Funded by the Health Research Council, one project looked at how to reduce delays in the diagnosis of colorectal cancer, while the other investigated ways to improve early diagnosis of lung cancer among Māori and rural communities.
Both studies have determined access to primary care is a key factor in avoiding late diagnosis, as well as reducing inequities for Māori.
Ross Lawrenson, Professor of Population Health at the University of Waikato, led both studies. He says that New Zealand continues to have poor cancer outcomes compared to other developed countries.
“A big factor in our poor performance is that patients with both lung and bowel cancer tend to present with advanced disease,” says Lawrenson.
“Our research looked at the patient pathway from diagnosis to treatment, to identify and address the barriers to people accessing care.”
The studies were conducted over three years in the Midland Cancer Region which comprises Waikato, Lakes, Bay of Plenty and Tairawhiti DHBs – although Lawrenson says the findings are applicable at a national level.
Research into the late diagnosis of lung cancer among Māori communities identified several barriers preventing Māori from accessing primary care.
These include the mounting costs of multiple appointments, symptom ambiguity and the importance of trust and understanding between Māori patients and their GPs.
“What became clear is the need for culturally safe care and a workforce that understands the needs of Māori patients and whānau,” says Lawrenson.
“Our research also clearly showed the importance of whānau as carers and advocates for Māori lung cancer patients.”
Lawrenson said that with lung cancer mortality rates three to four times higher for Māori than non-Māori, intervention was critical.
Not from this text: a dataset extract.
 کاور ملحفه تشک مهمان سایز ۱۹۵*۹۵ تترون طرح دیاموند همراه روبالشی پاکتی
Working with local communities, the research team developed a Hā Ora website for resources and self-help, alongside other interventions including lung cancer awareness videos and a kaiawhina training programme to help upskill health staff.
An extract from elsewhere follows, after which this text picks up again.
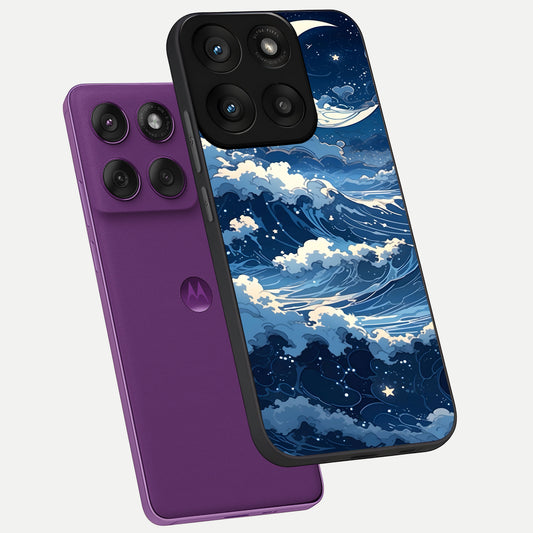  Ocean Moon Waves phone case For Moto Edge 60 Pro showing premium glass back cover with detailed artwork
Research into colorectal cancer also identified inequities for Māori, who are more likely to experience greater delays in diagnosis and less likely to receive a colonoscopy than non-Māori.
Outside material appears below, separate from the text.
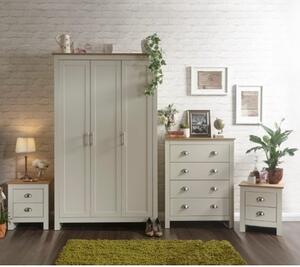 Loftus Wooden Bedroom Furniture Set In Cream With Oak Top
“There needs to be a concentrated effort to ensure equity for Māori in the national bowel screening programme, as well as in general access to diagnosis and treatment,” says Lawrenson.
Also among their findings was the need to increase public awareness of symptoms of colorectal cancer.
“Bowel cancer can be difficult to diagnose. We need greater awareness of symptoms for both patients and GPs,” says Lawrenson.
“If we want to improve outcomes, there needs to be more investment in primary care and I think we need to take a hard look at our systems to ensure there’s equal access to care for everyone,” he concludes.
Reducing delay and increasing access to early diagnosis for colorectal cancer was authored by Ross Lawrenson, Tania Blackmore, Chunhuan Lao, Lynne Chepulis, Mark Elwood, Tim Stokes, Jon Emery, David Weller, Jacquie Kidd, Melissa Firth, Christopher Jackson, Rawiri Keenan, Brendan Hokowhitu, Ralph van Dalen, Judith Warren, and Lyn Hunt.
Hā Ora: Improving access to early diagnosis of lung cancer for Māori and rural communities was authored by Ross Lawrenson, Shemana Cassim, Jacquie Kidd, Anna Rolleston, Rawiri Keenan, Brendan Hokowhitu, Melissa Firth, Denise Aitken, Janice Wong, Lynne Chepulis, Chunhuan Lao, Paul Conaglen, Karen Middleton, and Lyn Hunt.